Ari Schulman reviews two books in the WSJ and argues that “Those on both left and right who invoke ‘science’ as a cover for political positions actually undermine public trust in science.”  Amen to that.  Once you start cherry-picking results it’s ideology, not science.

Central to that narrative, and to both of these books, is the practice of claiming that science simply says that one side of a political argument is right. Such claims typically misrepresent partial scientific understanding and invoke the authority of science as a cover for moral, philosophical and political premises that have not been argued or accepted. And this practice gets to the root of our science problem.

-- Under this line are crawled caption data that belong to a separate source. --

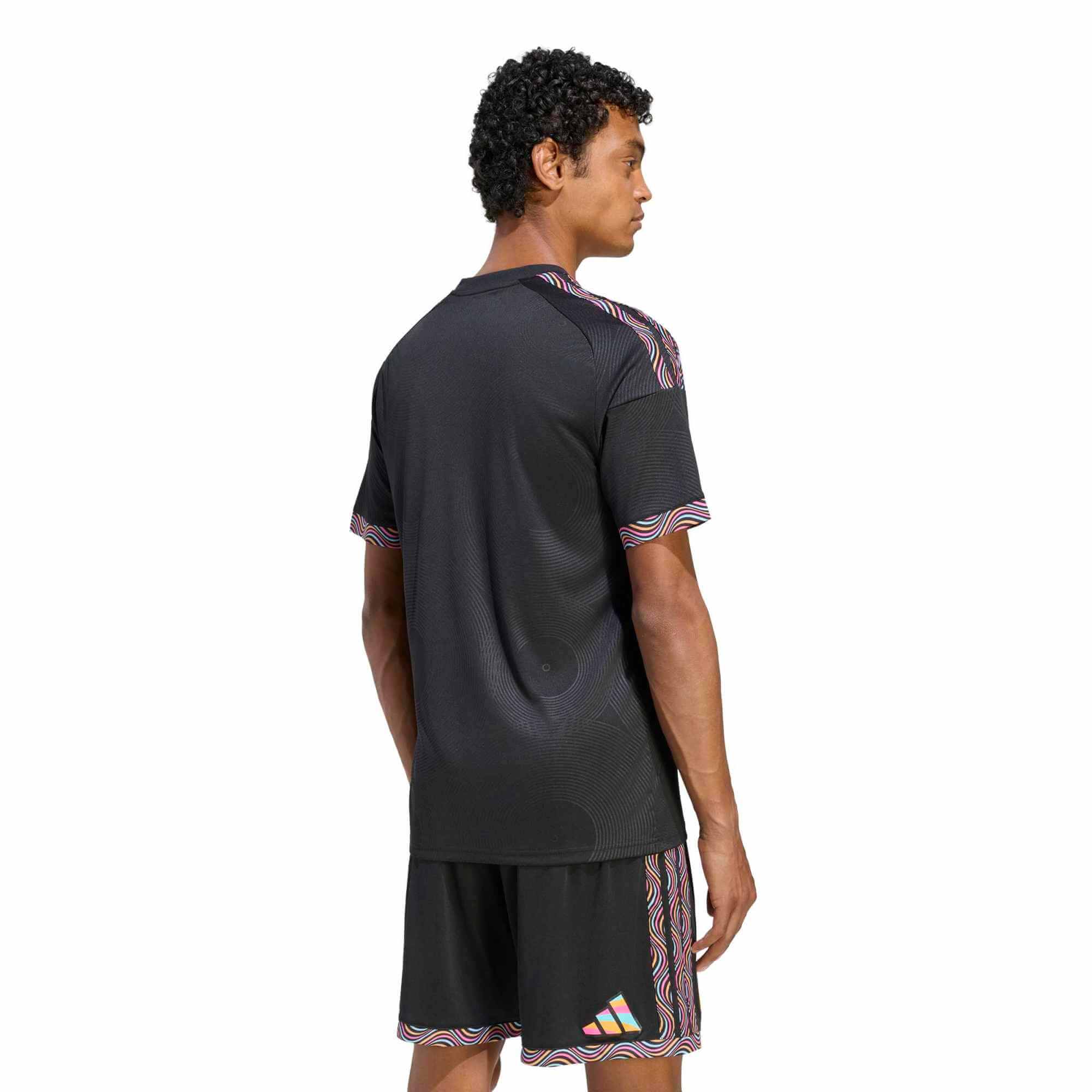 adidas 2026-27 Olympique Lyon Men's Stadium Third Soccer Jersey (Model - Back)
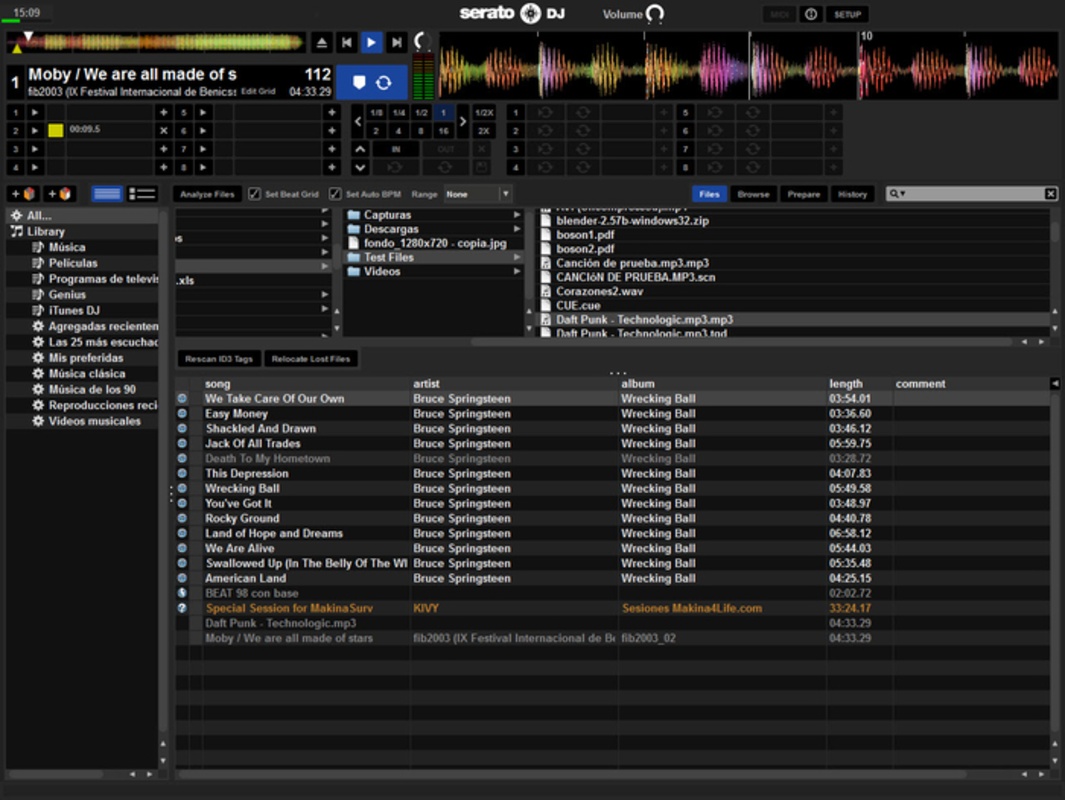 Serato DJ 3.0.4 for Mac Screenshot 2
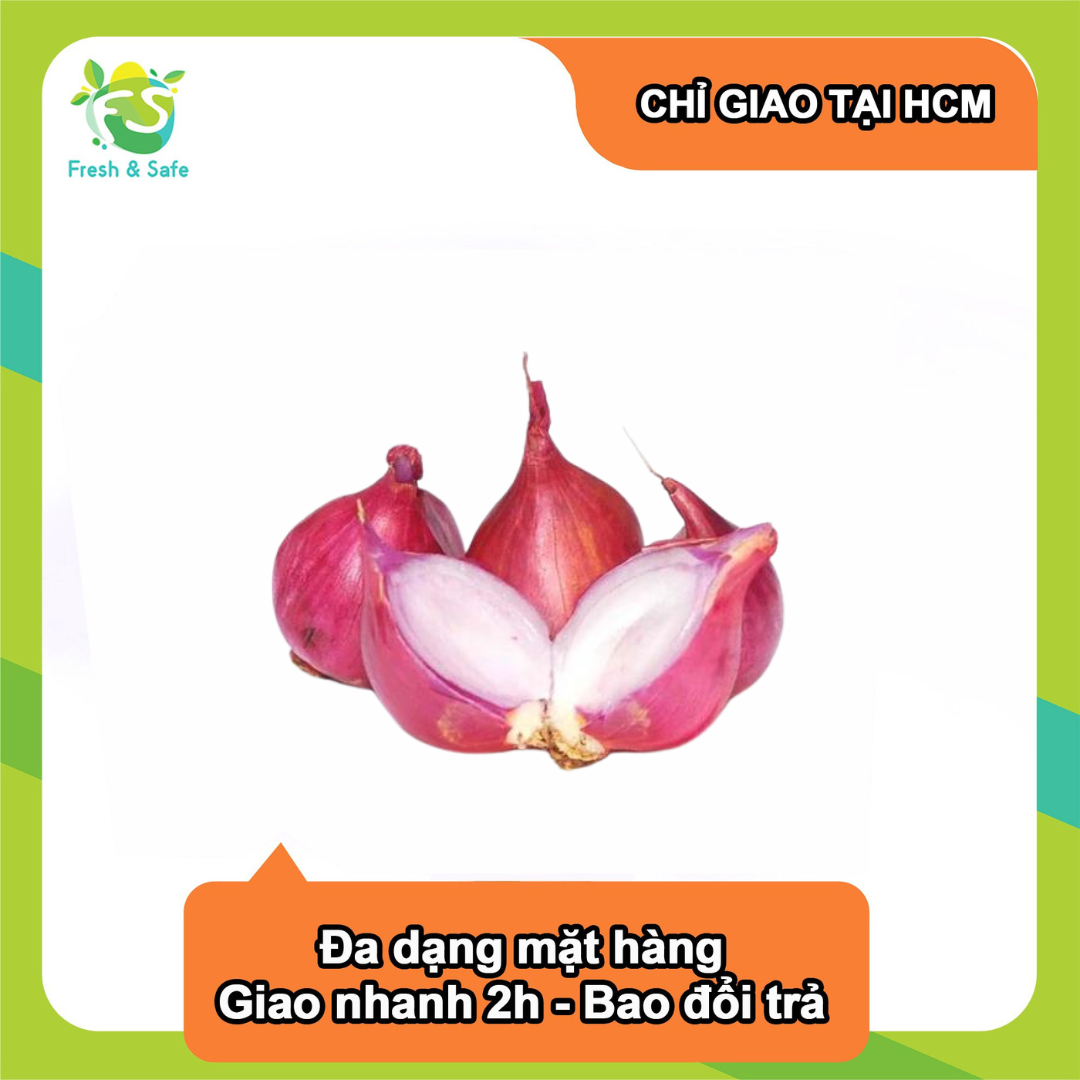Hành Tím Củ Ấn - 100g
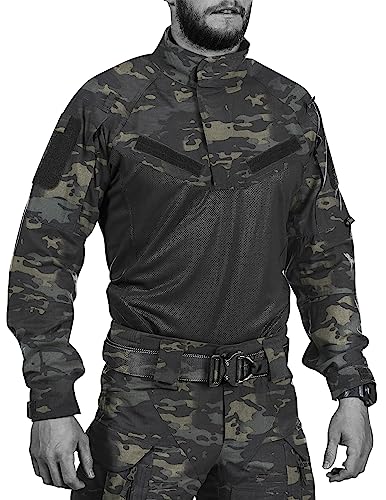 UF Pro Striker X Combat Shirt (3XL, Multicam Black) von UF Pro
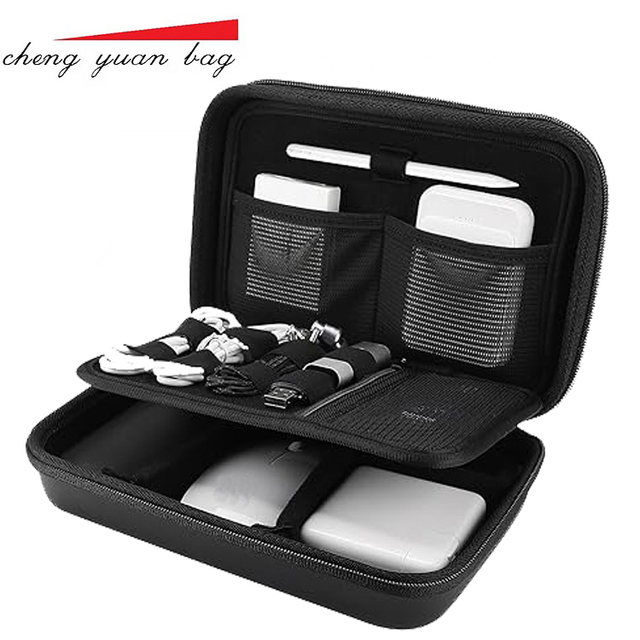 Customized Waterproof Shockproof Durable EVA Hard Carrying Case Protective Storage Tool Bag for Electrical Test Tools
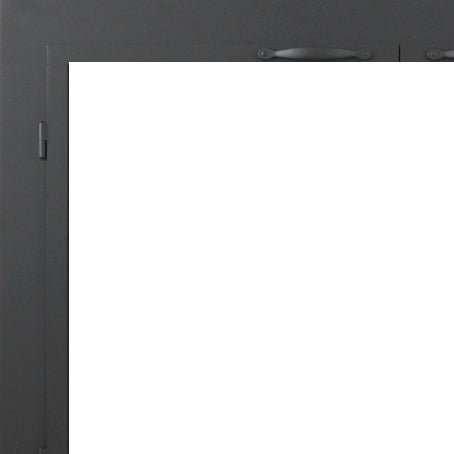 Sierra - Custom Steel Masonry & Prefab Fireplace Doors - ExceptionalFire
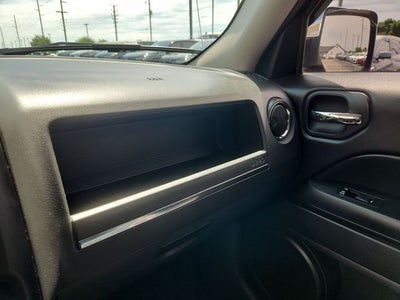 2016 Jeep Patriot Latitude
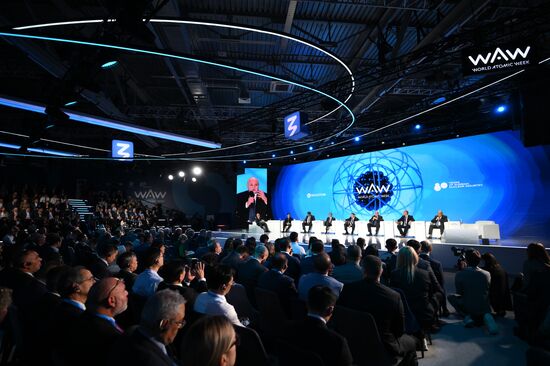 Russia World Atomic Week Forum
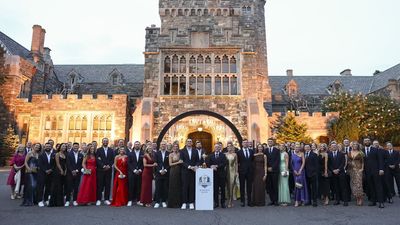 In Pictures: USA And Europe Attend Lavish Ryder Cup Gala Dinner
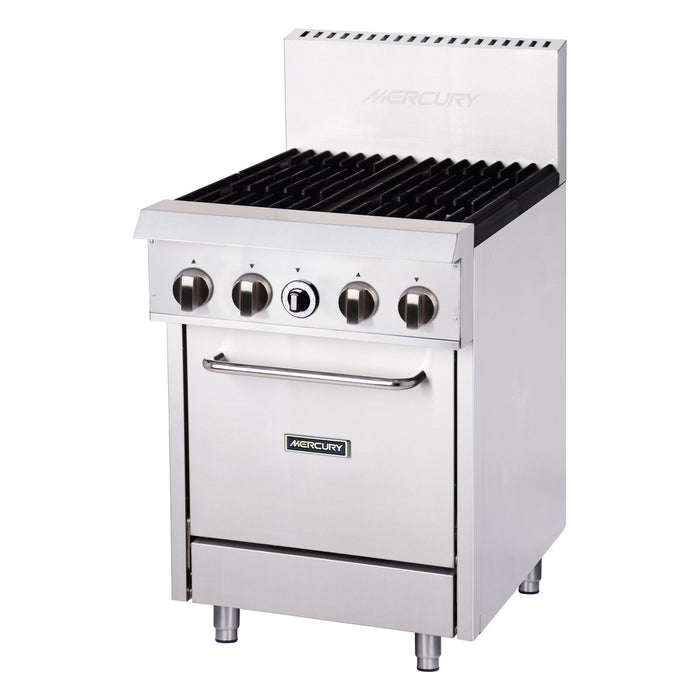Mercury Gas Oven Range - M24S-4F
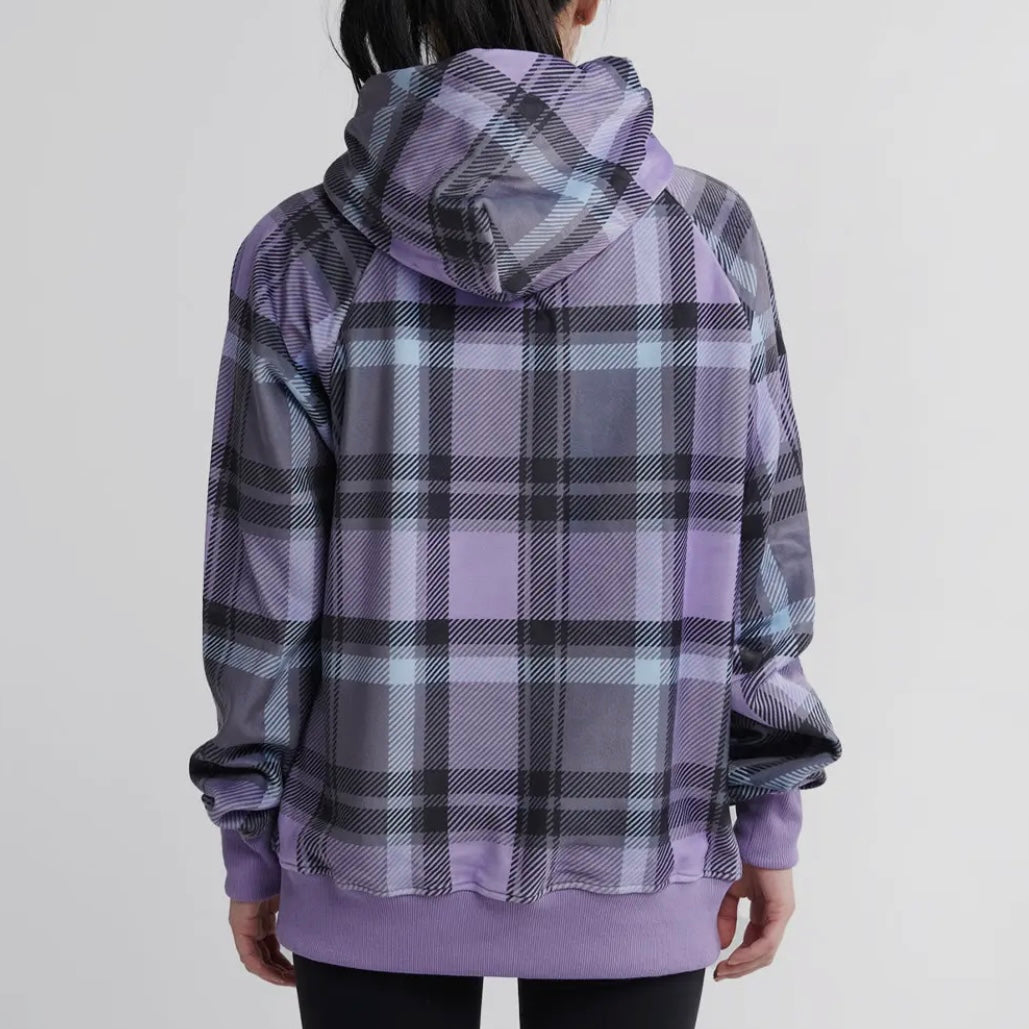 Spark Paws Plaid People Hoodie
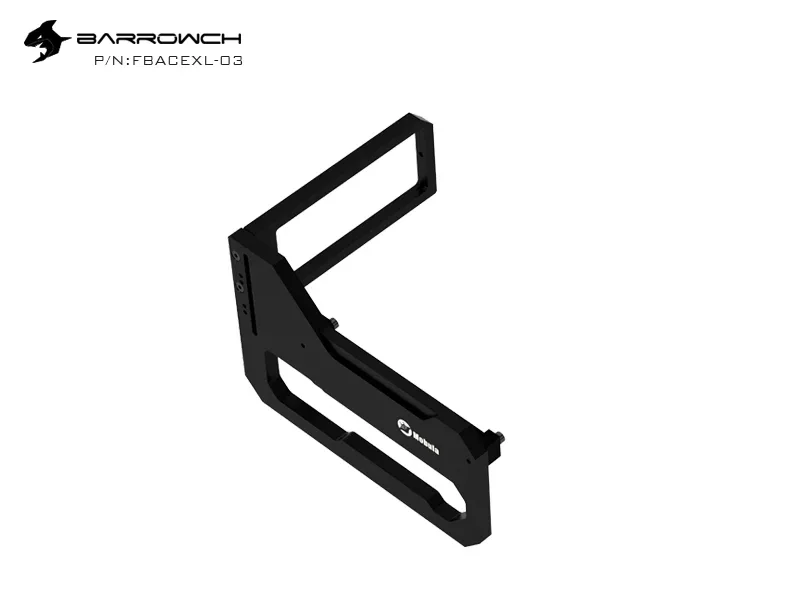 

Barrowch GPU Vertical Mounting Bracket For Mobula Modular Panel Case, Graphics Card Horizontal installation Module FBACEXL-03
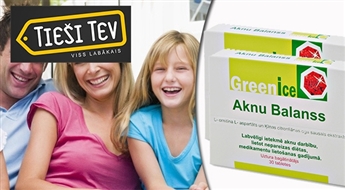 Greenice Aknu Balanss. 2 упаковки со скидкой 75%!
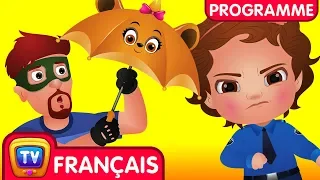 Les Amis Parapluies (The Umbrella Friends) | Ep. 12 | ChuChu TV Police Des Oeufs Surprises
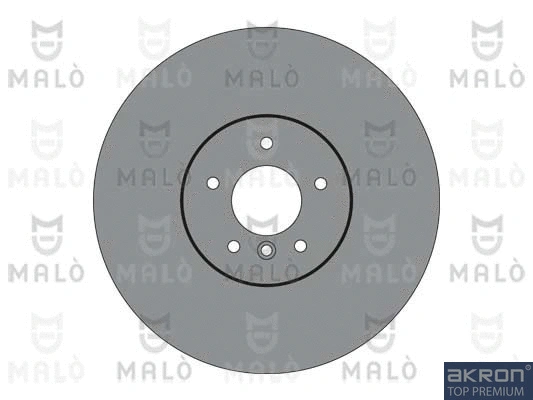 1110386 MALO Тормозной диск (фото 1)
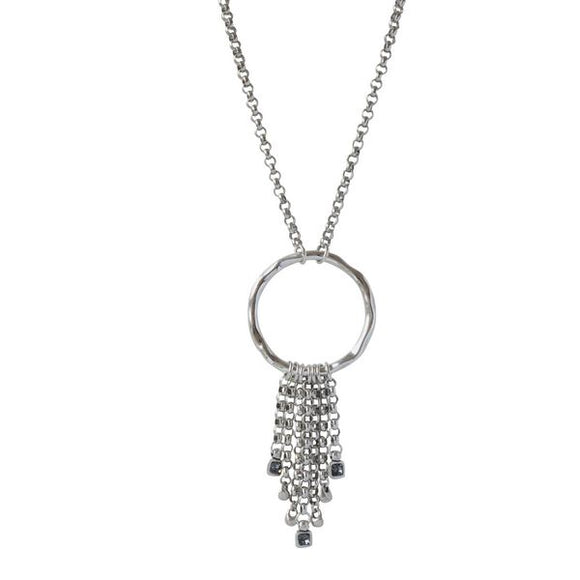Vidda Jewelry VJ 00861440 Malfalda Necklace Silver Night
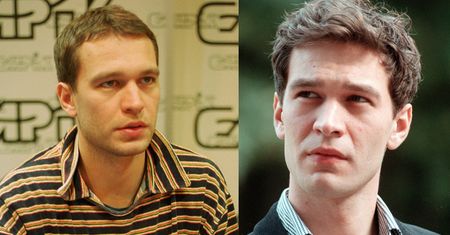 "Wiedźmin", dyrektor teatru i profesor z "Na dobre i na złe" - Michał Żebrowski kończy dziś 45 lat (ZDJĘCIA)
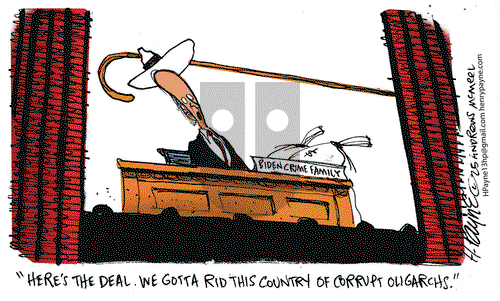 Henry Payne on Friday January 24, 2025 Comic Strip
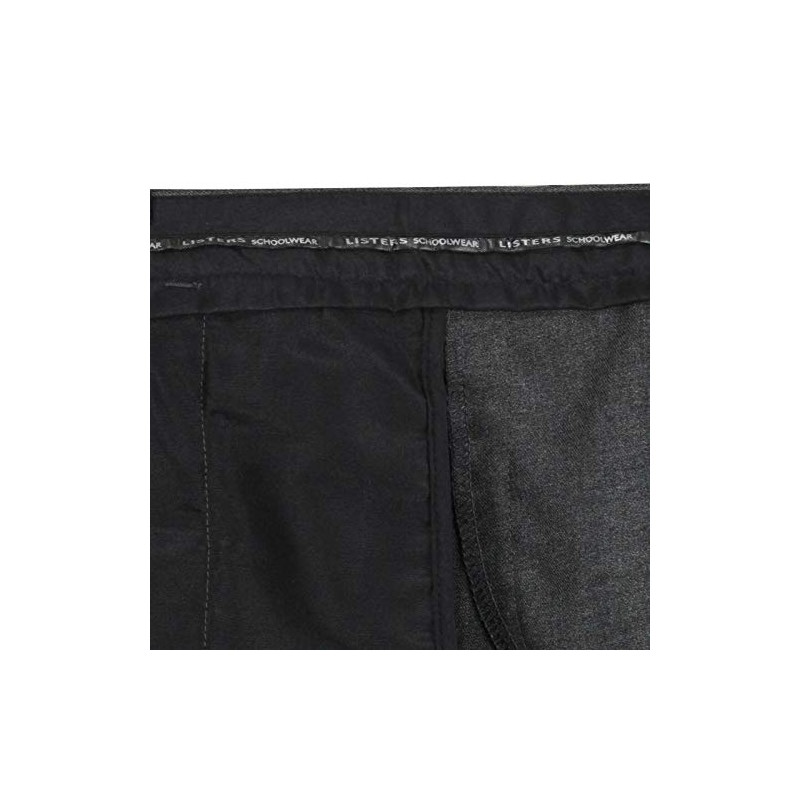 Boys Pull On School Shorts Uniform Elasticated Pull Up -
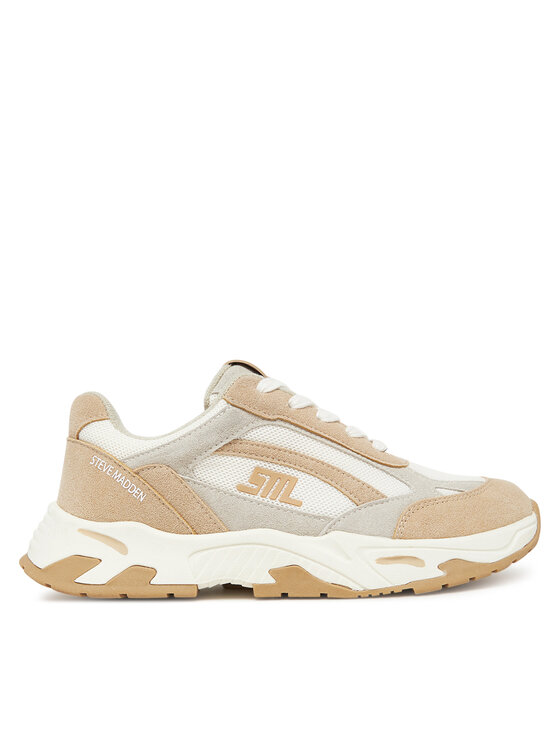Steve Madden Steve Madden Sneakersy Sneak Peak-E SM19000129 Srebrny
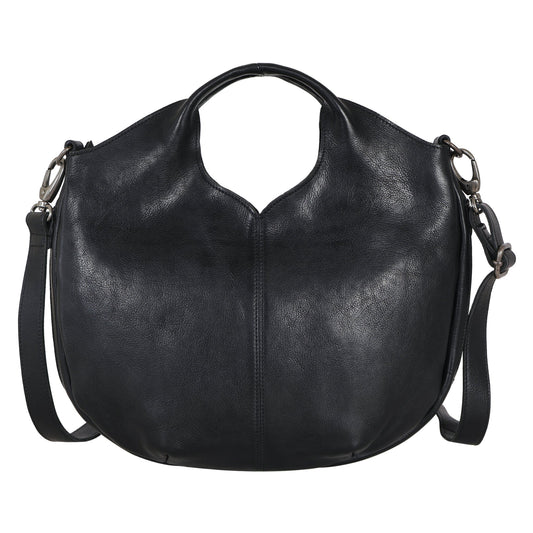 Darby Leather Crossbody Bag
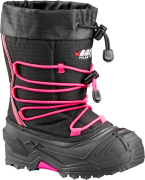 Baffin Kids' Snogoose Black/Pink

What makes science special is that its claims don’t rest on authority but are available for anyone to rigorously question and verify. Yet there are far too many scientific advances today for anyone to know them all, and most are impractical for nonscientists to replicate. Thus we must place our trust in scientific authority. But when science is invoked as the final word on claims for which it obviously isn’t, it subverts this very authority. What results is a general public distrust—irrational but in a sense reasonable—of science, providing grounds for people to resist findings that undermine their beliefs. Books written with the transparent aim of satiating the partisan palate may be as inevitable as politics itself, but the ones that abuse the authority of science to do so make worse the very problem they claim to be fighting.